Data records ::
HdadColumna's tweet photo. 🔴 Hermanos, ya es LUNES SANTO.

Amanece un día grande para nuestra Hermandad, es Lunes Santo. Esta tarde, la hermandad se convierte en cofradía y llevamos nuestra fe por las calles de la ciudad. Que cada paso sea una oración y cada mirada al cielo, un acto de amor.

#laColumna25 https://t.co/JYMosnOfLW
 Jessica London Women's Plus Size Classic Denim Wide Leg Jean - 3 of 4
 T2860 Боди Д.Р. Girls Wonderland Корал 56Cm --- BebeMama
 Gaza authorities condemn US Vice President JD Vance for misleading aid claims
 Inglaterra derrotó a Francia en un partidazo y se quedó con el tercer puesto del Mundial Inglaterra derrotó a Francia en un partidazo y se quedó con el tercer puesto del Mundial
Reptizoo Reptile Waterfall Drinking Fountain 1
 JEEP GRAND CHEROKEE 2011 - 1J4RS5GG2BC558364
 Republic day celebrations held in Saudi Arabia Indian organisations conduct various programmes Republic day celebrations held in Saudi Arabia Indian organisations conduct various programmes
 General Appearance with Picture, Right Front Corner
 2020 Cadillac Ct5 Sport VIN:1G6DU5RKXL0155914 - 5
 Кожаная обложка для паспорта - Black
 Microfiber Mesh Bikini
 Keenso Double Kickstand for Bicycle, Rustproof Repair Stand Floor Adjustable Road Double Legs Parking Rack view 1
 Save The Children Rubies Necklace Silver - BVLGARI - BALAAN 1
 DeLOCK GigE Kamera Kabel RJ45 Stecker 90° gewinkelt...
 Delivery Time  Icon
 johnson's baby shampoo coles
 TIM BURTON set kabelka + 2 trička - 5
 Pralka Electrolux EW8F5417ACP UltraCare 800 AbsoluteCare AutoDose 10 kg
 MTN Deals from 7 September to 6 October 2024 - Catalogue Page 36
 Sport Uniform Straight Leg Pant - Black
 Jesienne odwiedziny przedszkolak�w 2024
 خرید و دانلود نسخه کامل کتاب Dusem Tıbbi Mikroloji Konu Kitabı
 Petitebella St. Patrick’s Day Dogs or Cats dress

WHAT IS NEEDED :: Word for word, write out all of the entries.

EXPECTED OUTPUT ::
HdadColumna's tweet photo. 🔴 Hermanos, ya es LUNES SANTO.

Amanece un día grande para nuestra Hermandad, es Lunes Santo. Esta tarde, la hermandad se convierte en cofradía y llevamos nuestra fe por las calles de la ciudad. Que cada paso sea una oración y cada mirada al cielo, un acto de amor.

#laColumna25 https://t.co/JYMosnOfLW
 Jessica London Women's Plus Size Classic Denim Wide Leg Jean - 3 of 4
 T2860 Боди Д.Р. Girls Wonderland Корал 56Cm --- BebeMama
 Gaza authorities condemn US Vice President JD Vance for misleading aid claims
 Inglaterra derrotó a Francia en un partidazo y se quedó con el tercer puesto del Mundial Inglaterra derrotó a Francia en un partidazo y se quedó con el tercer puesto del Mundial
Reptizoo Reptile Waterfall Drinking Fountain 1
 JEEP GRAND CHEROKEE 2011 - 1J4RS5GG2BC558364
 Republic day celebrations held in Saudi Arabia Indian organisations conduct various programmes Republic day celebrations held in Saudi Arabia Indian organisations conduct various programmes
 General Appearance with Picture, Right Front Corner
 2020 Cadillac Ct5 Sport VIN:1G6DU5RKXL0155914 - 5
 Кожаная обложка для паспорта - Black
 Microfiber Mesh Bikini
 Keenso Double Kickstand for Bicycle, Rustproof Repair Stand Floor Adjustable Road Double Legs Parking Rack view 1
 Save The Children Rubies Necklace Silver - BVLGARI - BALAAN 1
 DeLOCK GigE Kamera Kabel RJ45 Stecker 90° gewinkelt...
 Delivery Time  Icon
 johnson's baby shampoo coles
 TIM BURTON set kabelka + 2 trička - 5
 Pralka Electrolux EW8F5417ACP UltraCare 800 AbsoluteCare AutoDose 10 kg
 MTN Deals from 7 September to 6 October 2024 - Catalogue Page 36
 Sport Uniform Straight Leg Pant - Black
 Jesienne odwiedziny przedszkolak�w 2024
 خرید و دانلود نسخه کامل کتاب Dusem Tıbbi Mikroloji Konu Kitabı
 Petitebella St. Patrick’s Day Dogs or Cats dress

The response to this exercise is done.